**DATA UNDER STUDY**

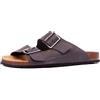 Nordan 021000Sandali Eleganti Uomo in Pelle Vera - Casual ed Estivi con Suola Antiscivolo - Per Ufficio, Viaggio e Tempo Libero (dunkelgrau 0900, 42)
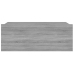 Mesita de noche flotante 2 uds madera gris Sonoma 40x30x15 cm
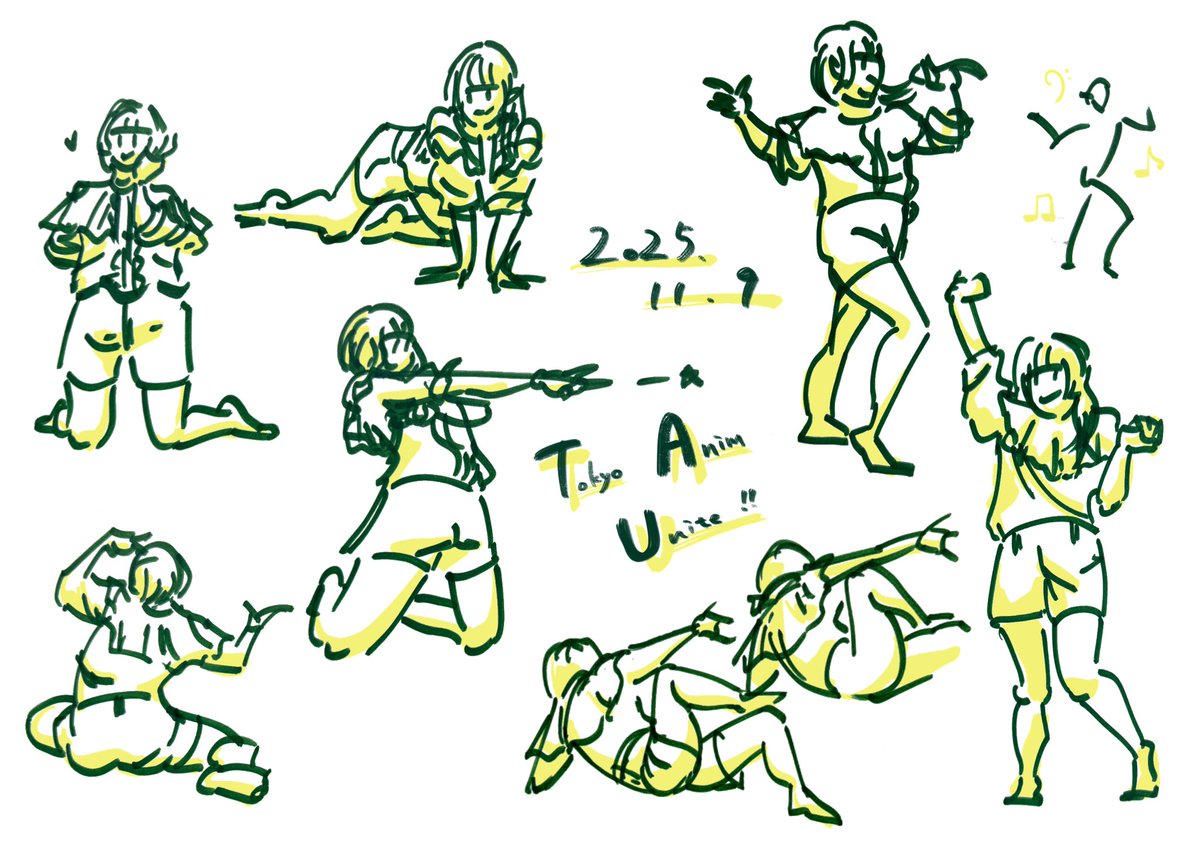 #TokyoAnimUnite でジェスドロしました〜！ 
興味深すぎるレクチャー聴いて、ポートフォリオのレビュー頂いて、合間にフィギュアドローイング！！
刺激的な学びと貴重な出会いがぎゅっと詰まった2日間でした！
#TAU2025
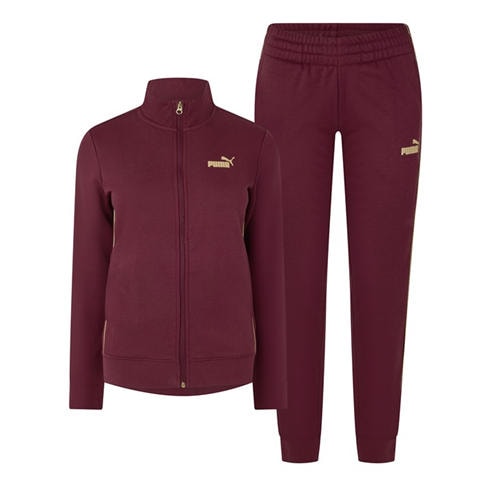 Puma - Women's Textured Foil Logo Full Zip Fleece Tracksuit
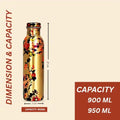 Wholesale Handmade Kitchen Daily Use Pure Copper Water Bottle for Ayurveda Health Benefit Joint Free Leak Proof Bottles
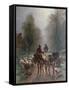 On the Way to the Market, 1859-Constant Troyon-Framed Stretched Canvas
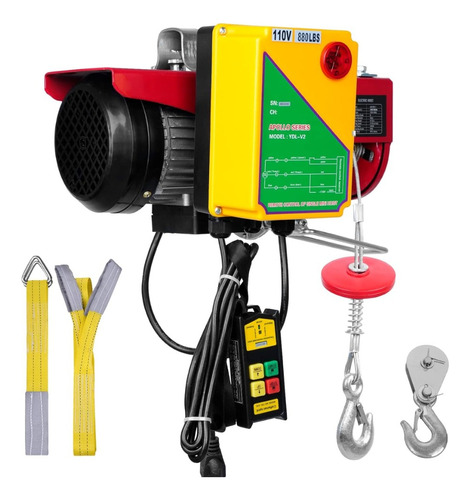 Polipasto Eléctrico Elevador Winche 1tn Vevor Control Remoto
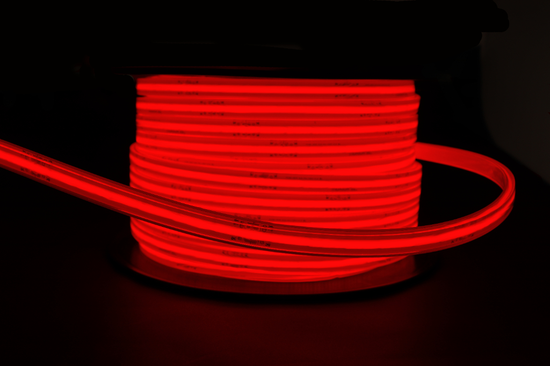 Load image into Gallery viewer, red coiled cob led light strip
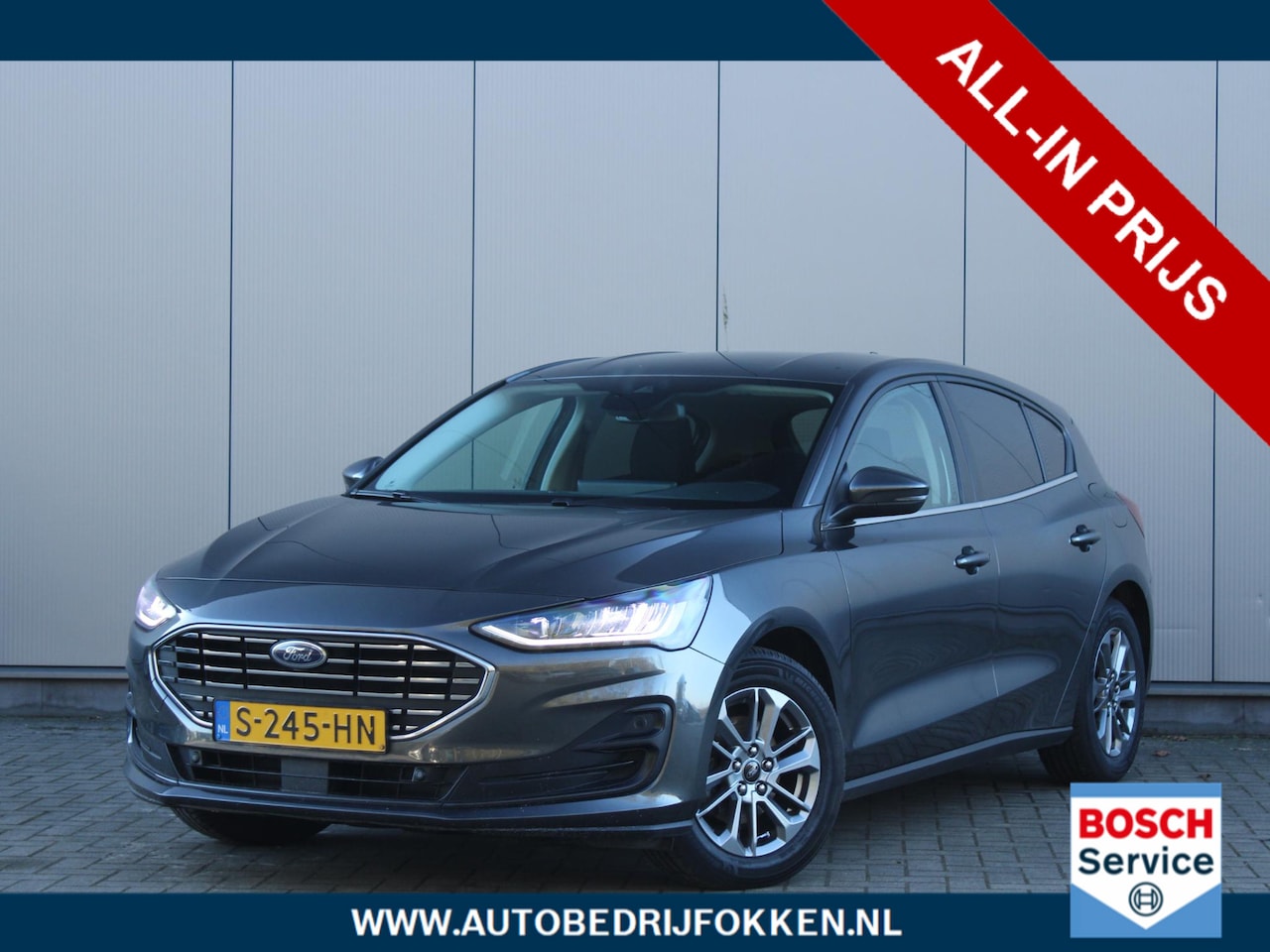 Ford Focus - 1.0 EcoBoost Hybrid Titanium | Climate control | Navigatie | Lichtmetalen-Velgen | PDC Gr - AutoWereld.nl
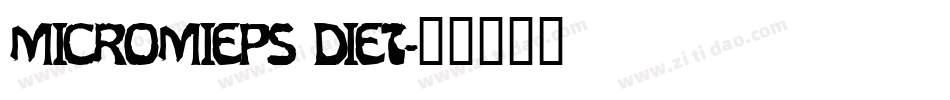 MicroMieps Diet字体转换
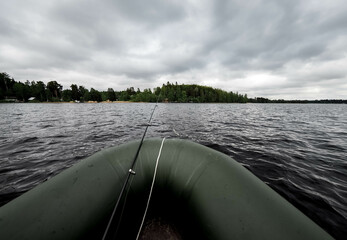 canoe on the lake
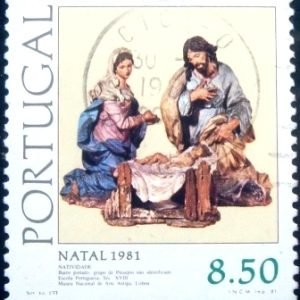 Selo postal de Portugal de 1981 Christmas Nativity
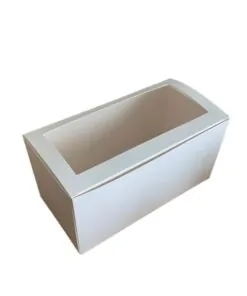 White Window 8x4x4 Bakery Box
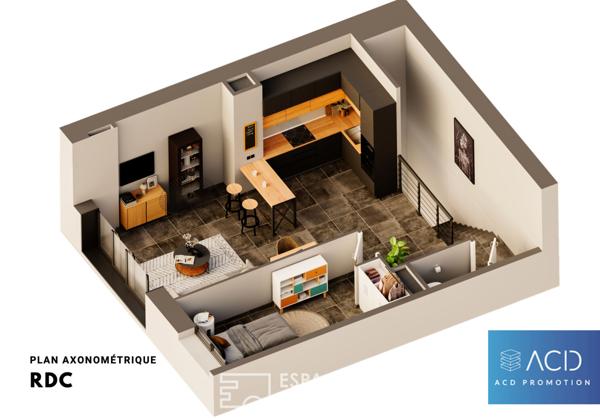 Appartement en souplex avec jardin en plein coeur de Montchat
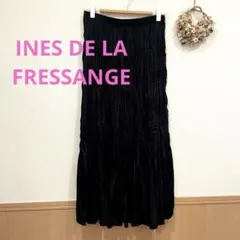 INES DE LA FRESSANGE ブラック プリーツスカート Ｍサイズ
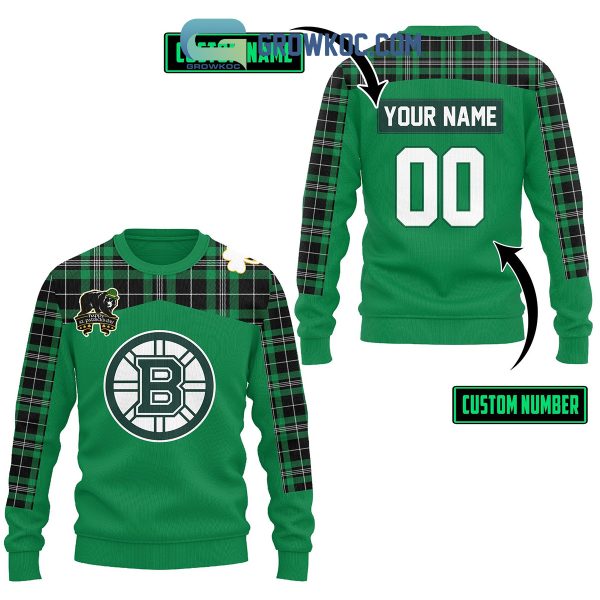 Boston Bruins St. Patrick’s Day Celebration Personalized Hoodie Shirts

**TASK PROMPT**
Using the data above, retype exactly the lines from the line with "Wholesale Handmade Kitchen" to the line with "Load image into", inclusive. No pictures and nothing else.

**ANSWER SPACE**
 Wholesale Handmade Kitchen Daily Use Pure Copper Water Bottle for Ayurveda Health Benefit Joint Free Leak Proof Bottles
 On the Way to the Market, 1859-Constant Troyon-Framed Stretched Canvas
 Polipasto Eléctrico Elevador Winche 1tn Vevor Control Remoto
 Load image into Gallery viewer, red coiled cob led light strip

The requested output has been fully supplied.